Problem description => The whole listing, pictures aside, should be reproduced exactly.

Entries supplied =>
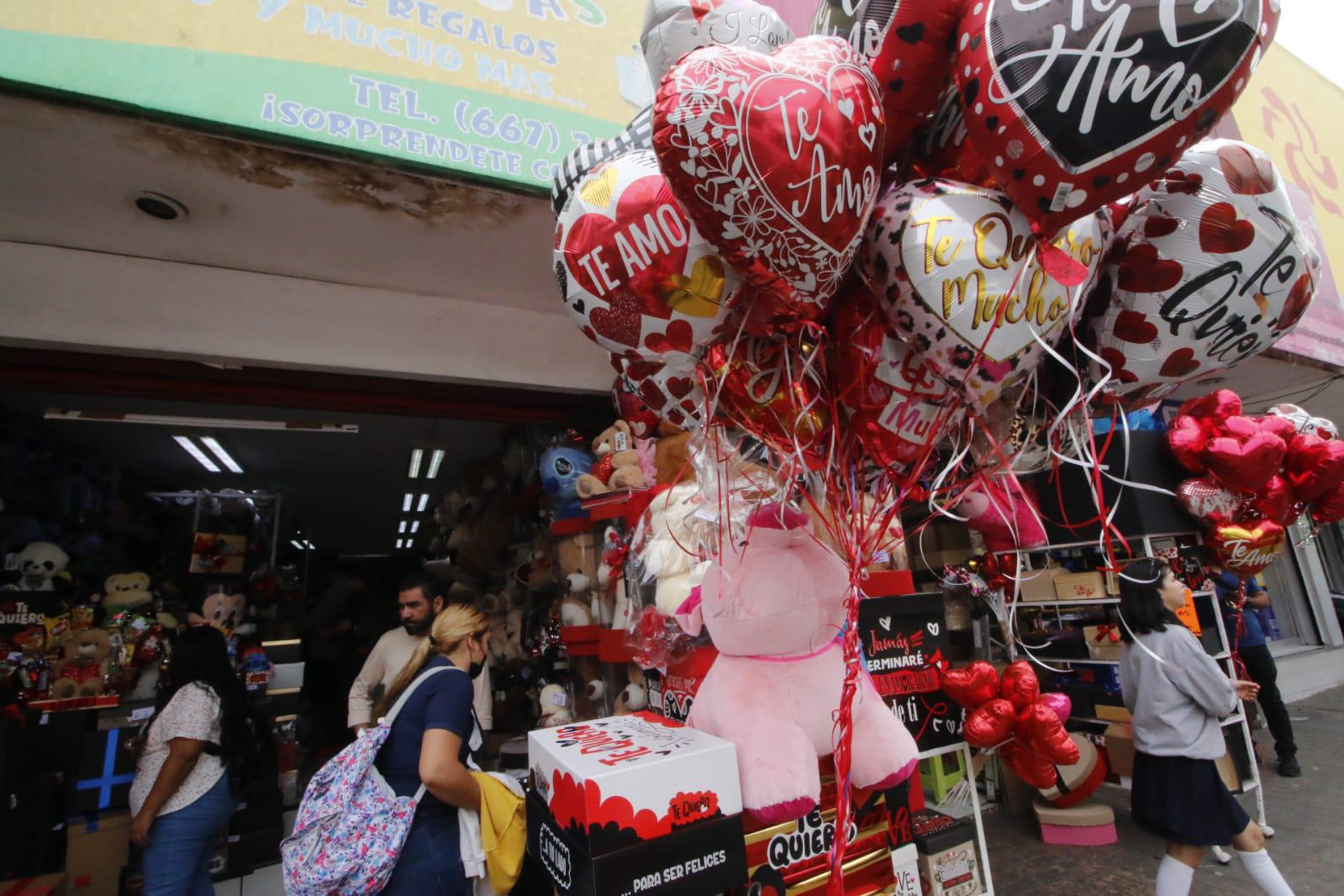 $!#Fotos | Inundan calles de Culiacán corazones y peluches previo al Día del Amor y la Amistad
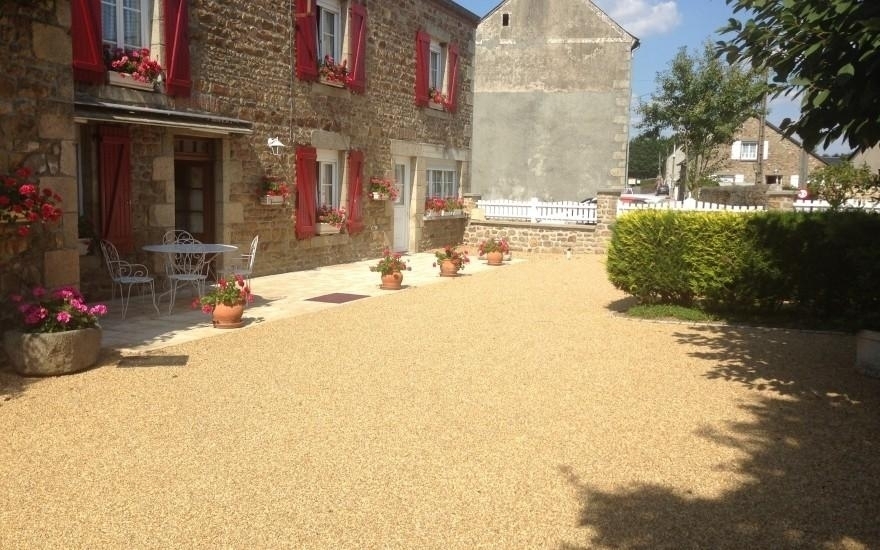 Ralisation Cour en Gravistar beige  Gesvres cre le 30/04/2025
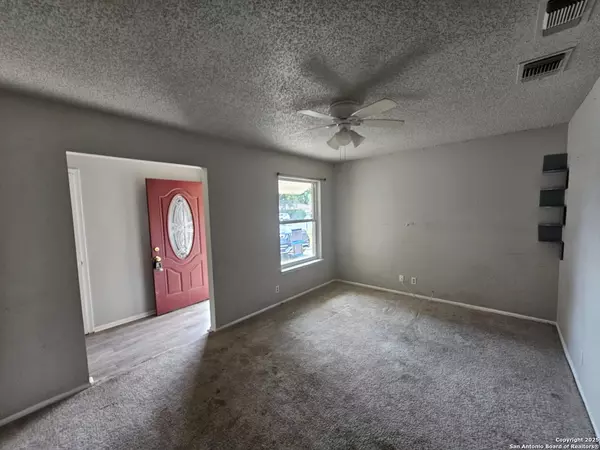 Live Oak, TX 78233,7501 Leafy Hollow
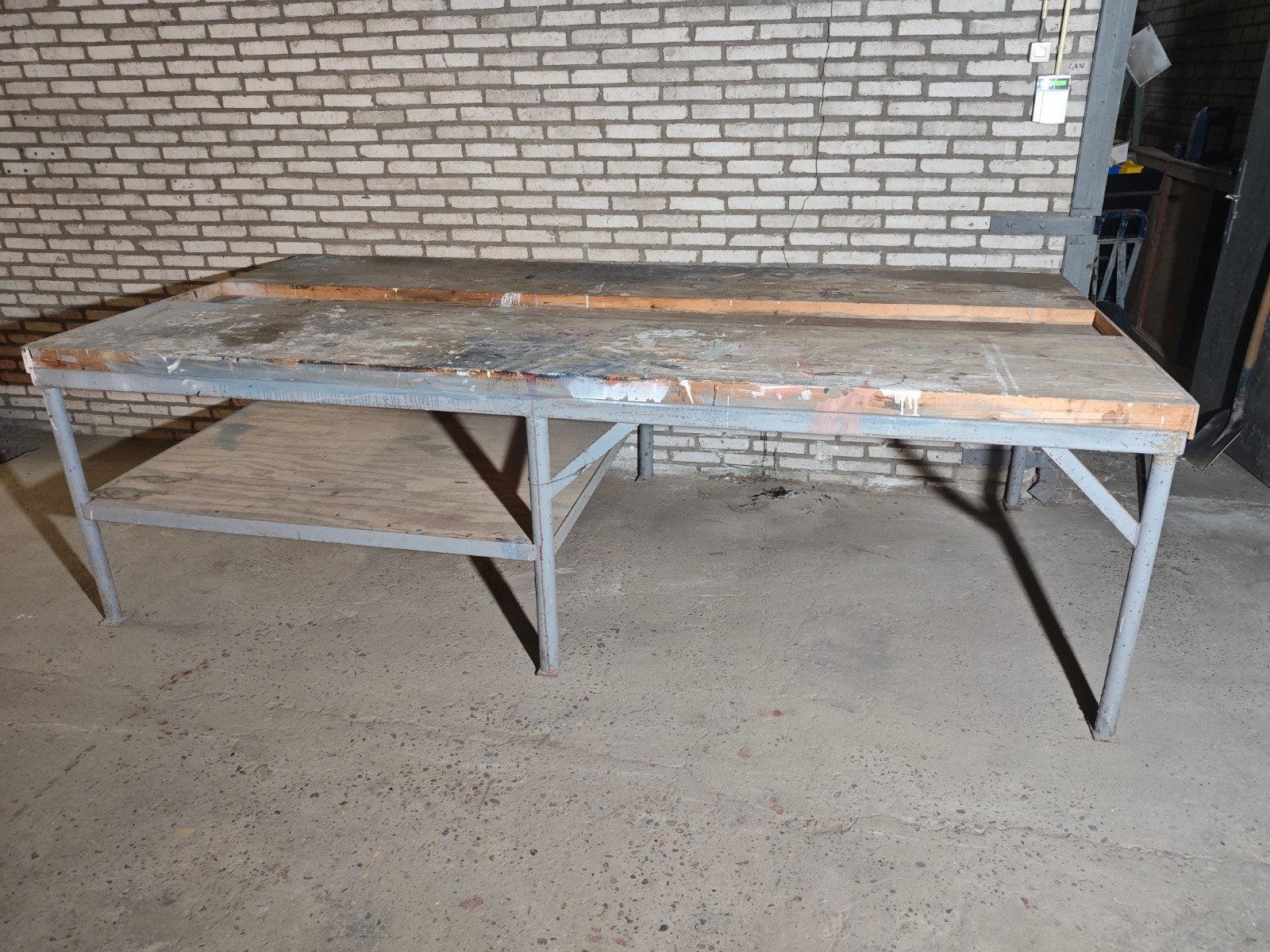 Grote werkbank met stalen frame en houten blad, Ophalen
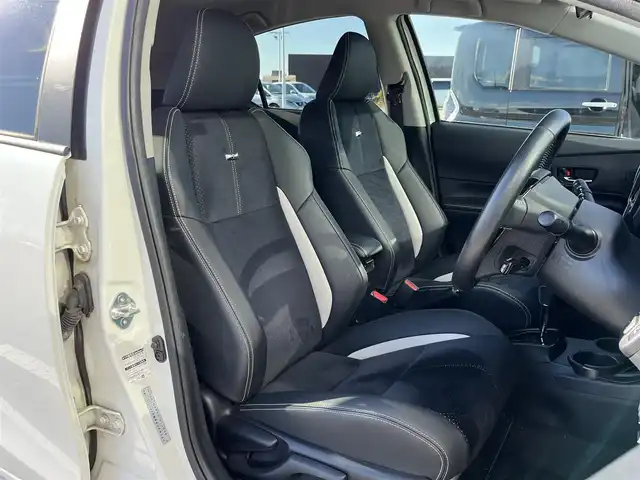 トヨタ アクア G G’s 奈良県 2015(平27)年 4.3万km ライムホワイトパールクリスタルシャイン 純正7インチナビ（NSCP-W62）/クルーズコントロール/バックカメラ/横滑り防止/ハーフレザーシート/前席シートヒーター/オートライト/LEDヘッドライト/電動格納ミラー/後方ドライブレコーダー/ETC/純正17インチAW/保証書/取り扱い説明書/スペアキーX1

Solution for this problem =>
 $!#Fotos | Inundan calles de Culiacán corazones y peluches previo al Día del Amor y la Amistad
 Ralisation Cour en Gravistar beige  Gesvres cre le 30/04/2025
 Live Oak, TX 78233,7501 Leafy Hollow
 Grote werkbank met stalen frame en houten blad, Ophalen
 トヨタ アクア G G’s 奈良県 2015(平27)年 4.3万km ライムホワイトパールクリスタルシャイン 純正7インチナビ（NSCP-W62）/クルーズコントロール/バックカメラ/横滑り防止/ハーフレザーシート/前席シートヒーター/オートライト/LEDヘッドライト/電動格納ミラー/後方ドライブレコーダー/ETC/純正17インチAW/保証書/取り扱い説明書/スペアキーX1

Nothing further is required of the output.